Path: utzoo!utgpu!news-server.csri.toronto.edu!rutgers!tut.cis.ohio-state.edu!snorkelwacker.mit.edu!hsdndev!spdcc!ima!dirtydog!suitti
From: suitti@ima.isc.com (Stephen Uitti)
Newsgroups: comp.benchmarks
Subject: Re: Ole Swang's benchmark: Sum of Harmonic Series
Message-ID: <1990Dec28.004003.6807@dirtydog.ima.isc.com>
Date: 28 Dec 90 00:40:03 GMT
References: <OLES.90Dec13213301@kelvin.uio.no> <44125@mips.mips.COM> <1990Dec19.004003.20667@dirtydog.ima.isc.com> <2720@sixhub.UUCP>
Sender: news@dirtydog.ima.isc.com (NEWS ADMIN)
Reply-To: suitti@ima.isc.com (Stephen Uitti)
Organization: Interactive Systems, Cambridge, MA 02138-5302
Lines: 88

In article <2720@sixhub.UUCP> davidsen@sixhub.UUCP (bill davidsen) writes:
>In article <1990Dec19.004003.20667@dirtydog.ima.isc.com> suitti@ima.isc.com (Stephen Uitti) writes:
>
>| The do-while is faster.  On the 386/25 with 387, the "for" loop
>| took 101.6 seconds, and the "do-while" loop took 99.8 seconds.
>
>    Nope. You have changed both the loop type and the algorithm here.
>The corresponding for loop would be
>
>	for (n=100000; --n; ) { ... }
>
>and the reason your version runs faster is that it avoids the compare,
>not because it's a do-while.
>
>  As in most benchmarks the effect of changing the program to make it
>faster also means the numbers no longer compare to the old values in a
>meaningful way.

As a benchmark of machines, it is pretty bad.  It does lots of
floating point divides, with some loop overhead.  What the benchmark
might be able to tell us is something about tuning floating point
divides or loop overhead.

Floating point divides don't happen to interest me much, but loop
overhead does, since lots of programs have it.

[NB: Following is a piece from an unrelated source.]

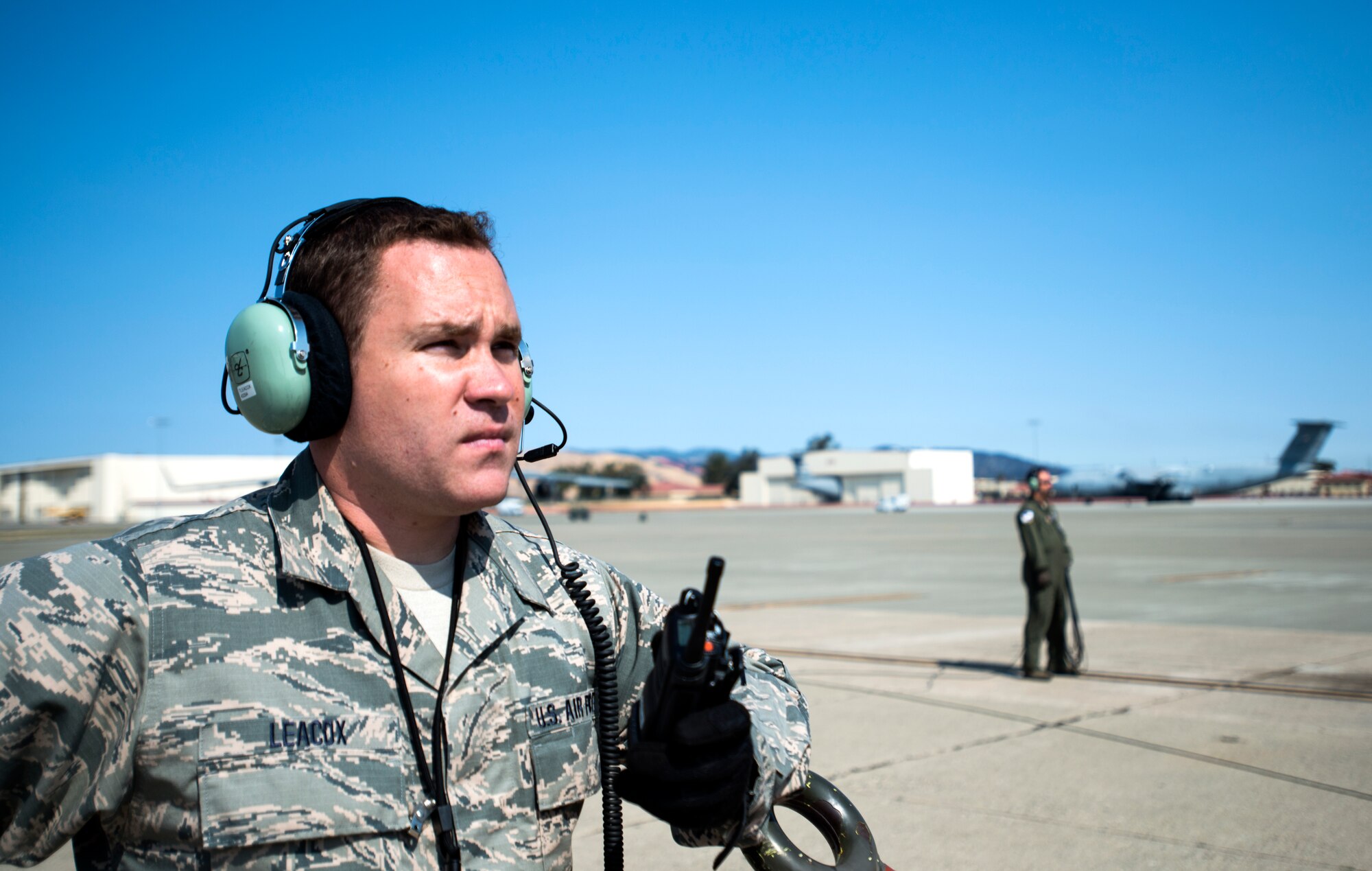 Staff Sgt. Taylor Leacox, 349th Aircraft Maintenance Squadron crew chief, listens to his radio to ensure a C-5M Super Galaxy is cleared to launch on Aug. 11, 2018, at Travis Air Force Base, Calif. The 349th and 60th AMXS work together to launch aircraft in a seemless active duty and Air Force Reserve integration.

I'm aware that my version wasn't the same as the original - it
can even produce a different answer.  It is interesting that your
version is not the same as my do-while.  For one, it doesn't
compute 1/100000.  The condition is performed before the loop,
and your decrement is there.
	for (i = 10000000; i != 0; i--) {
is more accurate.

Oddly, this generates
	decl %eax
	jne .L5

for one compiler, and

	decl	%edi
	testl	%edi,%edi
	jne	.L70

for another on the same system.  However, the do-while generates

	decl	%edi
	jne	.L69

on the available compilers.  At on time, I thought that Dennis put
the do-while into the language just for subtract-one-and-branch
instructions.

It is more difficult for a compiler to notice that a 'for' loop
can be optimized to get rid of the compare.  In a 'for' loop, the
test really is at the top.  In a 'do-while', the test is at the
bottom, where the optimization is.

Now, getting rid of one of the loop overhead instructions on the
386/25 (with 387) speeds up the program by 1.8% - hardly
noticeable for any real program.  The problem is that the
instruction that is removed is one of 12 for the loop, and by
comparison, a very quick one.  Loop unrolling should do better.
However, unrolling it 10 times, slows down the program to 104.6
seconds.  Stuffing 79 instructions into the loop probably means
the 386's cache isn't getting hit as much - more than undoing any
benefits.  In fact, unrolling the loop 5 times is also slower
than not unrolling.  I wonder if there are compilers out there
that can do loop unrolling that also know how big caches are.
Are they smart enough to optimize this benchmark?  The loop index
is not invariant- it gets used in the loop.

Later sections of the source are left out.